TASK DETAILS:
Every line of the listing should be transcribed exactly, with nothing left out.

* * * *

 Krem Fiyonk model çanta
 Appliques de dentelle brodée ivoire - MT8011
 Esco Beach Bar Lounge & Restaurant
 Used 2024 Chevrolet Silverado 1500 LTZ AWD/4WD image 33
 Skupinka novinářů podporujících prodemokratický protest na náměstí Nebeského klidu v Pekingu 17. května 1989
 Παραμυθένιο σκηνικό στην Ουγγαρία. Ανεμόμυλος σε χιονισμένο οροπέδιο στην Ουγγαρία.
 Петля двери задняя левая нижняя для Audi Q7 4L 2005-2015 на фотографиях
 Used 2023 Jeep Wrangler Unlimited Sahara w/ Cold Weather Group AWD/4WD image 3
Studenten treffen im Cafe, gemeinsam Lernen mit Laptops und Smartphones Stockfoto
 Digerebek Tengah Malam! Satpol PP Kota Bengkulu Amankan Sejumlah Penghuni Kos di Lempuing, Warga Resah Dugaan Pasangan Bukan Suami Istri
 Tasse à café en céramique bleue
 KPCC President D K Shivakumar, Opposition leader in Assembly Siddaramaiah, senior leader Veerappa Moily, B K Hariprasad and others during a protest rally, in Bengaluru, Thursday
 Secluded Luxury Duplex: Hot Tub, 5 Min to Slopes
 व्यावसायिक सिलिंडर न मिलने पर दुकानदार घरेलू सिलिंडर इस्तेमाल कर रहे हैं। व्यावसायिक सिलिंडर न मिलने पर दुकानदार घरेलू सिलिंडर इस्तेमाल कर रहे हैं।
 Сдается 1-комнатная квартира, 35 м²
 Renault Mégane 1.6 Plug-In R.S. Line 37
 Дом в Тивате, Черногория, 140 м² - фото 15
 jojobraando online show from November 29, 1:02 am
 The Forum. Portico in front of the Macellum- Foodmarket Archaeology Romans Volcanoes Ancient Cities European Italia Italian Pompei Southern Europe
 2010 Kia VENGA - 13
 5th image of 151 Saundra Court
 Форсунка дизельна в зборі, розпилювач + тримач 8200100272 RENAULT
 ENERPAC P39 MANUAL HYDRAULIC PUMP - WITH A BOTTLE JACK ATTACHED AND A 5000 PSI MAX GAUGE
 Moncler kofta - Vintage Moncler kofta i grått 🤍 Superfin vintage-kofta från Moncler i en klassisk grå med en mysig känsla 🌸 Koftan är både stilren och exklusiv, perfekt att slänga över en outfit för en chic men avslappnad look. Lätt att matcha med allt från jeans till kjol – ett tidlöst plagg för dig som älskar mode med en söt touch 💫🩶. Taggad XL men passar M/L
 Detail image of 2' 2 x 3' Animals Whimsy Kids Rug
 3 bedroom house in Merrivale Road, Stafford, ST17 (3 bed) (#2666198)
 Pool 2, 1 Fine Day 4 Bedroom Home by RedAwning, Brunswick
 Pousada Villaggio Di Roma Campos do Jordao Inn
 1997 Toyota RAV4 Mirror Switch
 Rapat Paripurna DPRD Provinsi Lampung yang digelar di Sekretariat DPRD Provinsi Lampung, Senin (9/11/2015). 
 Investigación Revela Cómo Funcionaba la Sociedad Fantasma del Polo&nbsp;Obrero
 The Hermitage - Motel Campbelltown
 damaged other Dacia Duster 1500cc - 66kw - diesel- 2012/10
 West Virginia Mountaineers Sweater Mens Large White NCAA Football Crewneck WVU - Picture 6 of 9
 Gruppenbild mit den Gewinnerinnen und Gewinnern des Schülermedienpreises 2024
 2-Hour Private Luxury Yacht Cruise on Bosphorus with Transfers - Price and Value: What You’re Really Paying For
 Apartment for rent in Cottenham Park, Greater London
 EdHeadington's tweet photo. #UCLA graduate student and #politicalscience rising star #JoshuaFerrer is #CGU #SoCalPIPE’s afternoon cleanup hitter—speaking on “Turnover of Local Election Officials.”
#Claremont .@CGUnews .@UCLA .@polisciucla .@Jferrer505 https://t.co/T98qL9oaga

* * * *

ANSWER TO THIS EXERCISE:
 Krem Fiyonk model çanta
 Appliques de dentelle brodée ivoire - MT8011
 Esco Beach Bar Lounge & Restaurant
 Used 2024 Chevrolet Silverado 1500 LTZ AWD/4WD image 33
 Skupinka novinářů podporujících prodemokratický protest na náměstí Nebeského klidu v Pekingu 17. května 1989
 Παραμυθένιο σκηνικό στην Ουγγαρία. Ανεμόμυλος σε χιονισμένο οροπέδιο στην Ουγγαρία.
 Петля двери задняя левая нижняя для Audi Q7 4L 2005-2015 на фотографиях
 Used 2023 Jeep Wrangler Unlimited Sahara w/ Cold Weather Group AWD/4WD image 3
Studenten treffen im Cafe, gemeinsam Lernen mit Laptops und Smartphones Stockfoto
 Digerebek Tengah Malam! Satpol PP Kota Bengkulu Amankan Sejumlah Penghuni Kos di Lempuing, Warga Resah Dugaan Pasangan Bukan Suami Istri
 Tasse à café en céramique bleue
 KPCC President D K Shivakumar, Opposition leader in Assembly Siddaramaiah, senior leader Veerappa Moily, B K Hariprasad and others during a protest rally, in Bengaluru, Thursday
 Secluded Luxury Duplex: Hot Tub, 5 Min to Slopes
 व्यावसायिक सिलिंडर न मिलने पर दुकानदार घरेलू सिलिंडर इस्तेमाल कर रहे हैं। व्यावसायिक सिलिंडर न मिलने पर दुकानदार घरेलू सिलिंडर इस्तेमाल कर रहे हैं।
 Сдается 1-комнатная квартира, 35 м²
 Renault Mégane 1.6 Plug-In R.S. Line 37
 Дом в Тивате, Черногория, 140 м² - фото 15
 jojobraando online show from November 29, 1:02 am
 The Forum. Portico in front of the Macellum- Foodmarket Archaeology Romans Volcanoes Ancient Cities European Italia Italian Pompei Southern Europe
 2010 Kia VENGA - 13
 5th image of 151 Saundra Court
 Форсунка дизельна в зборі, розпилювач + тримач 8200100272 RENAULT
 ENERPAC P39 MANUAL HYDRAULIC PUMP - WITH A BOTTLE JACK ATTACHED AND A 5000 PSI MAX GAUGE
 Moncler kofta - Vintage Moncler kofta i grått 🤍 Superfin vintage-kofta från Moncler i en klassisk grå med en mysig känsla 🌸 Koftan är både stilren och exklusiv, perfekt att slänga över en outfit för en chic men avslappnad look. Lätt att matcha med allt från jeans till kjol – ett tidlöst plagg för dig som älskar mode med en söt touch 💫🩶. Taggad XL men passar M/L
 Detail image of 2' 2 x 3' Animals Whimsy Kids Rug
 3 bedroom house in Merrivale Road, Stafford, ST17 (3 bed) (#2666198)
 Pool 2, 1 Fine Day 4 Bedroom Home by RedAwning, Brunswick
 Pousada Villaggio Di Roma Campos do Jordao Inn
 1997 Toyota RAV4 Mirror Switch
 Rapat Paripurna DPRD Provinsi Lampung yang digelar di Sekretariat DPRD Provinsi Lampung, Senin (9/11/2015). 
 Investigación Revela Cómo Funcionaba la Sociedad Fantasma del Polo&nbsp;Obrero
 The Hermitage - Motel Campbelltown
 damaged other Dacia Duster 1500cc - 66kw - diesel- 2012/10
 West Virginia Mountaineers Sweater Mens Large White NCAA Football Crewneck WVU - Picture 6 of 9
 Gruppenbild mit den Gewinnerinnen und Gewinnern des Schülermedienpreises 2024
 2-Hour Private Luxury Yacht Cruise on Bosphorus with Transfers - Price and Value: What You’re Really Paying For
 Apartment for rent in Cottenham Park, Greater London
 EdHeadington's tweet photo. #UCLA graduate student and #politicalscience rising star #JoshuaFerrer is #CGU #SoCalPIPE’s afternoon cleanup hitter—speaking on “Turnover of Local Election Officials.”
#Claremont .@CGUnews .@UCLA .@polisciucla .@Jferrer505 https://t.co/T98qL9oaga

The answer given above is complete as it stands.